• **Try it**
Locate every line in the material below that has the word "Apartment". Copy each of those lines.

• **Supplied material**
== Segment start ==

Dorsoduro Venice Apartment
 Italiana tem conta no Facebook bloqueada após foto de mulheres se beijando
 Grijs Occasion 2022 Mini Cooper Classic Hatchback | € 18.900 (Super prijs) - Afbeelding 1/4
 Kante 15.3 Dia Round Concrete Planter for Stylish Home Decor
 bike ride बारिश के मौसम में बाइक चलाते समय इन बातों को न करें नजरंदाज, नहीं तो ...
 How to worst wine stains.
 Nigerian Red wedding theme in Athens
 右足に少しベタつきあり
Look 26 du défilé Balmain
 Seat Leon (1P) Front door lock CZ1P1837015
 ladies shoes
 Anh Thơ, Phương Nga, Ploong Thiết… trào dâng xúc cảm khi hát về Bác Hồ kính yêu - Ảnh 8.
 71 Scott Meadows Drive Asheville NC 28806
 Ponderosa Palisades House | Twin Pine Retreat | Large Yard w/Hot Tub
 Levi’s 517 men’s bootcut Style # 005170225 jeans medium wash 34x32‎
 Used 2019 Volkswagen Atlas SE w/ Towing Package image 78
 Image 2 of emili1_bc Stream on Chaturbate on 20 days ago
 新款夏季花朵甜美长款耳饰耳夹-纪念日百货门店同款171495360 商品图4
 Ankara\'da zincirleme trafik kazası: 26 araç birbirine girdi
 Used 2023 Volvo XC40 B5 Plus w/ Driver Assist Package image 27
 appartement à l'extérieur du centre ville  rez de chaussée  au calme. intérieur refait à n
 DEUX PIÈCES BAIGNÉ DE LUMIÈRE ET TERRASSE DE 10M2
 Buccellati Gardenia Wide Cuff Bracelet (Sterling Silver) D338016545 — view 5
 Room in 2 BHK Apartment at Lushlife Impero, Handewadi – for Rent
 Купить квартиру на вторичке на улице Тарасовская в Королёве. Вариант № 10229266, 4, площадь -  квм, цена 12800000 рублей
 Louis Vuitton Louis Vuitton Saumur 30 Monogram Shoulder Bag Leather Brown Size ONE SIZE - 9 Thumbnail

== Segment end ==

• **Task answer**
Dorsoduro Venice Apartment
 Room in 2 BHK Apartment at Lushlife Impero, Handewadi – for Rent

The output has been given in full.